The main reason why the budget came in better than expected is that tax revenues continued to increase at high rates. Almost all of the sub-items of tax revenues, which increased by 125 percent this month, showed high-rated increases. (The highest increase is in oil and natural gas SCT.)
In November, another high corporate tax will prevent the deficit from increasing. On the other hand, the 100 percent increase in expenditures is not very favorable. However, let’s not forget that some of these expenditures are necessary expenditures due to the earthquake disaster. Nevertheless, it seems that the budget deficit projected in the MTP for this year and next year will not be as high as 6.4 percent of GDP.
In the meantime, for a few days now, we have been seeing reports that “exchange rates are rising”. However, I have not seen any serious deviation from the now almost official managed float regime, which is based on the depreciation of the TL over time. Since the introduction of this regime in early September, the basket exchange rate has increased by 7 percent. This devaluation rate, although below the inflation rate in the same period, will have some stabilizing effect on both export pricing and import demand.

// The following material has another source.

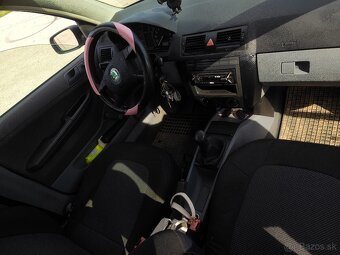 Škoda Fabia 1,4 - 7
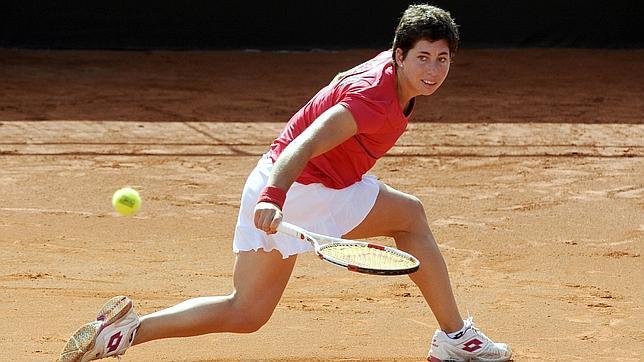 Carla Suárez remonta a Zakopalova y pone a España a un punto de las semifinales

Moreover, this controlled devaluation also eliminates the expectation of a “sharp” correction in exchange rates after the local elections. On the other hand, even if the continued, albeit slow, depreciation of the TRY delays the return to TRY of investors who are still positioned in FX, at least the transition from TRY to these assets has been blocked with rising TRY interest rates. At the same time, it will not be surprising that foreign investor inflows will begin as TRY interest rates increase to rational levels.